**Task requirements**
Exactly as written, print each of the entries.

[[ Material for this exercise, beginning ]]

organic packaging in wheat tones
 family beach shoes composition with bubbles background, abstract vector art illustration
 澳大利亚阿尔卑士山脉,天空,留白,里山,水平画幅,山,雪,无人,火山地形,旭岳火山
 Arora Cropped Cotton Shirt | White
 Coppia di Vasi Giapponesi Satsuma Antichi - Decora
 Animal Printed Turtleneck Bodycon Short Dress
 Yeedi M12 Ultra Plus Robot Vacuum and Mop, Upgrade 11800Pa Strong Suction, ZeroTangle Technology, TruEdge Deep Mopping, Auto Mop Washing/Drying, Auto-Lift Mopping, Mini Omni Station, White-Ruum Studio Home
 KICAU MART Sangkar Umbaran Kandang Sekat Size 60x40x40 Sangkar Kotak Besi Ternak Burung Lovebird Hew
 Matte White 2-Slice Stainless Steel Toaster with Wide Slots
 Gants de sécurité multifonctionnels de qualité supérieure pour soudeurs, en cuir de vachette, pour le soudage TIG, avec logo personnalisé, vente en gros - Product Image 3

[[ Material for this exercise, end ]]

**Solved exercise**
organic packaging in wheat tones
 family beach shoes composition with bubbles background, abstract vector art illustration
 澳大利亚阿尔卑士山脉,天空,留白,里山,水平画幅,山,雪,无人,火山地形,旭岳火山
 Arora Cropped Cotton Shirt | White
 Coppia di Vasi Giapponesi Satsuma Antichi - Decora
 Animal Printed Turtleneck Bodycon Short Dress
 Yeedi M12 Ultra Plus Robot Vacuum and Mop, Upgrade 11800Pa Strong Suction, ZeroTangle Technology, TruEdge Deep Mopping, Auto Mop Washing/Drying, Auto-Lift Mopping, Mini Omni Station, White-Ruum Studio Home
 KICAU MART Sangkar Umbaran Kandang Sekat Size 60x40x40 Sangkar Kotak Besi Ternak Burung Lovebird Hew
 Matte White 2-Slice Stainless Steel Toaster with Wide Slots
 Gants de sécurité multifonctionnels de qualité supérieure pour soudeurs, en cuir de vachette, pour le soudage TIG, avec logo personnalisé, vente en gros - Product Image 3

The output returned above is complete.